The Gadigal originally inhabited the area that they call "Gadi", which lies south of Port Jackson, covering today's Sydney central business district and stretching from South Head across to Marrickville/ with part of the southern boundary lying on the Cooks River; most notably Sydney Cove is located in Gadi, the site where the first Union Jack was raised, marking the beginning of colonisation. However, since colonisation and its subsequent spread, most Gadigal people have been displaced from their traditional lands.

Philip Gidley King gave Long Cove as the western boundary which lieutenant governor David Collins identified with present-day Darling Harbour. Arthur Phillip in a letter to Lord Sydney in February 1790 also reported: "From the entrance of the harbour, along the south shore, to the cove adjoining this settlement the district is called Cadi, and the tribe Cadigal ; the women, Cadigalleon".

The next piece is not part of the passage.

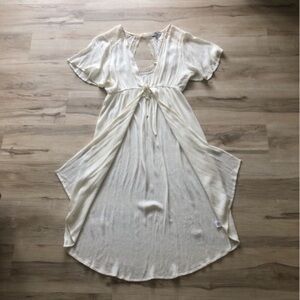 Almost Famous Cream Swim Coverup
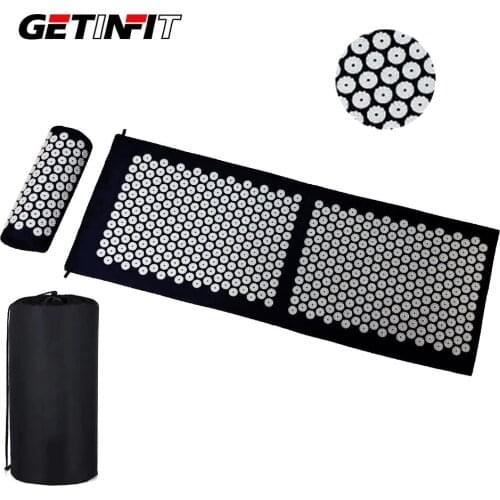 Getinfit Acupressure Mat Massager Cushion Massage Yoga Mat Acupressure mat Relieve Stress Back Body Pain Spike Mat Massage Mat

The Gadigal are coastal people who were previously dependent on the harbour for providing most of their food whilst they were living in their traditional lands. They are one of seven clans from coastal Sydney who speak a common language and have become known as the Eora people. "Eora" refers to "people" or "of this place" in Dharug language.

European history
Soon after his arrival at Port Jackson, Governor Arthur Phillip estimated the Indigenous population of the area at around 1,500 people, although other estimates range from as low as 200 to as high as 4,000. The Cadigal clan was estimated to have 50-80 people.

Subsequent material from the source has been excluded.